E mesmo que a cura seja a cirurgia, "há uma questão muito prática. É que são intervenções de várias horas, o que não permite que se opere vários doentes no mesmo dia. As listas de espera são normalmente de dois anos e a situação foi agravada durante a pandemia, porque não são situações urgentes". Em sua opinião, esta "é mais uma razão para se falar sobre o assunto, porque o ideal é não chegar a um estado em que a única cura seja a cirúrgica, pois quanto mais tempo em espera, mais agravamento da situação e mais complicado é o tratamento".
Nelson Carvalho deixa um alerta aos pais: "Que olhem para as costas dos filhos adolescentes, principalmente das filhas, que por vezes têm tendência para esconder o corpo com roupa larga e depois aparecem com deformidades grandes, que poderiam ter sido tratadas mais cedo." E aos adultos e idosos "não podem pensar que, por terem uma população na coluna, já não há nada a fazer.
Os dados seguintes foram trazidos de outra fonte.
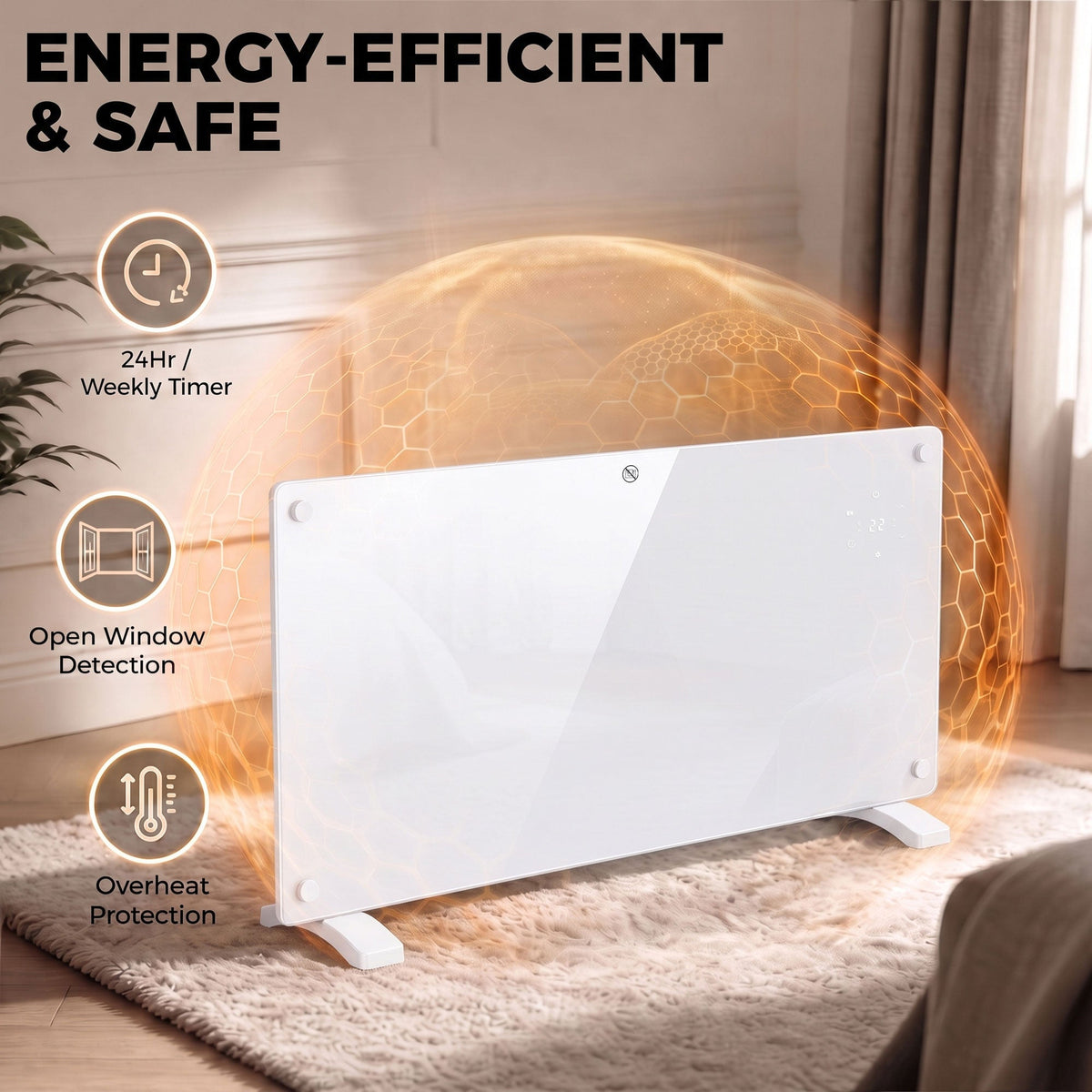 2000W Smart Glass Panel Heater Wall Mounted & Freestanding, Wifi Enabled, Works With Alexa & Google Home, Electric Heater with Weekly Timer, Open Window & Anti-Frost Mode, Thermostat, White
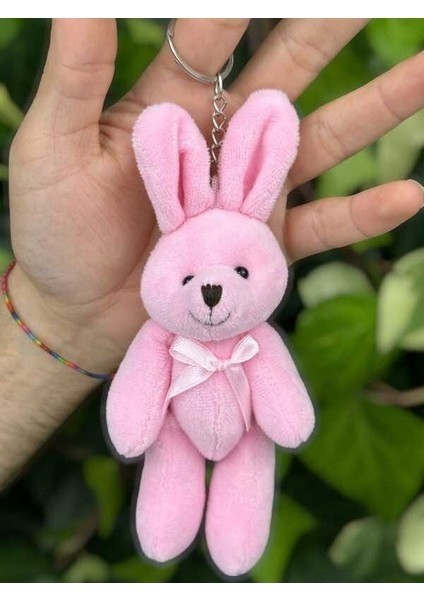 Hareketli Peluş Tavşan Anahtarlık Pembe (Yurt Dışından)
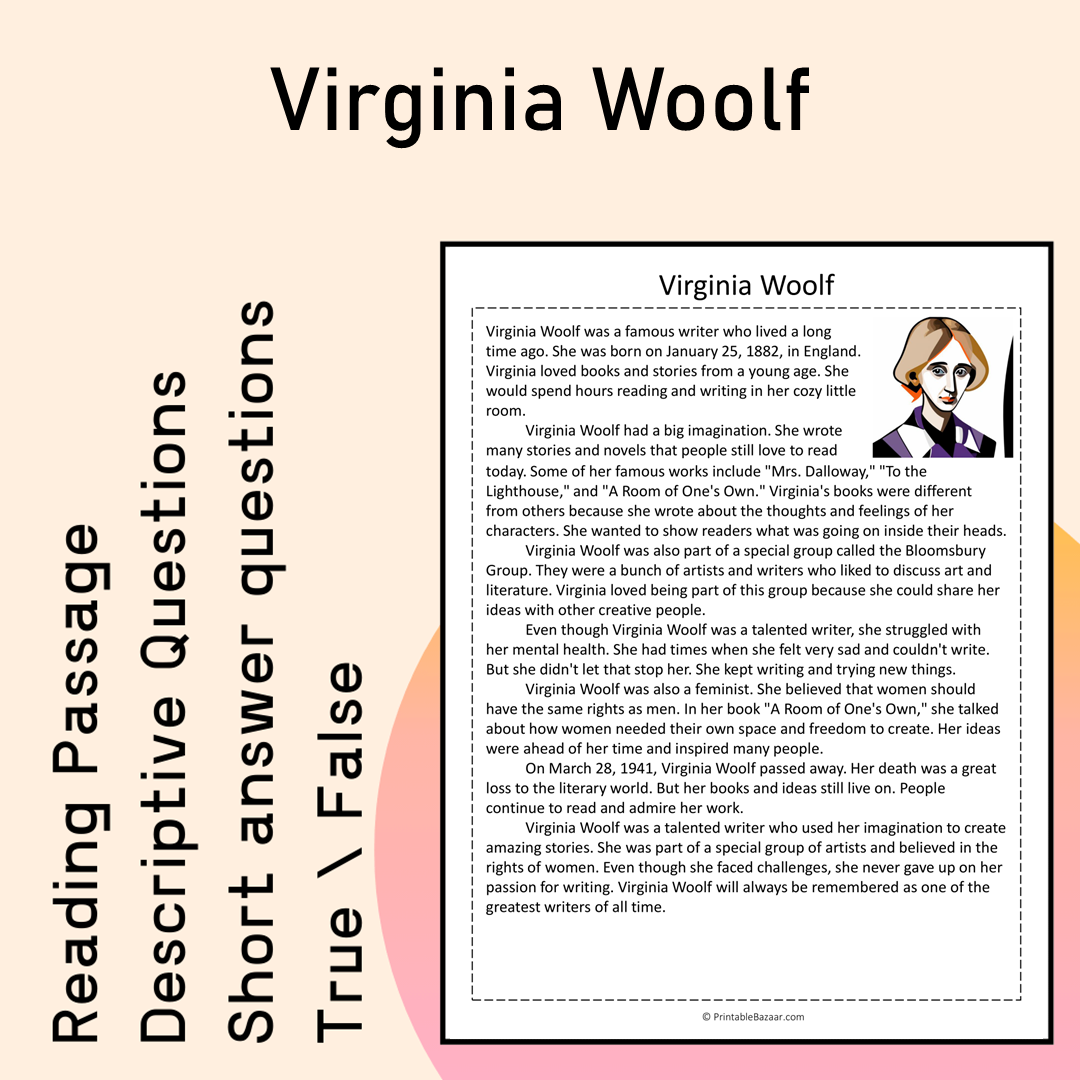 Virginia Woolf | Reading Comprehension Passage Printable Activity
Pode haver uma solução cirúrgica, que pode melhorar muito a sua qualidade de vida".
A coluna vertebral pode desalinhar-se logo à nascença ou ao longo da vida, quer inclinando-se para a frente, para trás ou para os lados. E é a esta deformidade que se dá o nome de escoliose. De acordo com a literatura médica sobre o tema, há dois tipos de escoliose: a funcional - em que a deformidade não atinge a estrutura óssea, atingindo só os músculos, porque não está instalada definitivamente no organismo - e a estrutural, em que a curvatura já atinge as vértebras. Mas a escoliose pode ter várias origens, independentemente do aspeto físico, que pode parecer igual em todos os tipos, como vários prognósticos.
A literatura internacional refere a escoliose congénita (de nascença) quando ocorre má formação ou divisão das vértebras; a escoliose neuromuscular, que surge por sequelas de doenças neurológicas, como poliomielite e paralisia cerebral; a escoliose idiopática, cuja causa não é conhecida, mas que é considerada a mais comum, que afeta sobretudo os mais jovens; a escoliose pós-traumática, que surge a partir de doenças do tecido conjuntivo e/ou anomalias cromossómicas, e a escoliose degenerativa do adulto, causada pela degeneração de discos da coluna vertebral e das suas articulações durante o avanço da idade.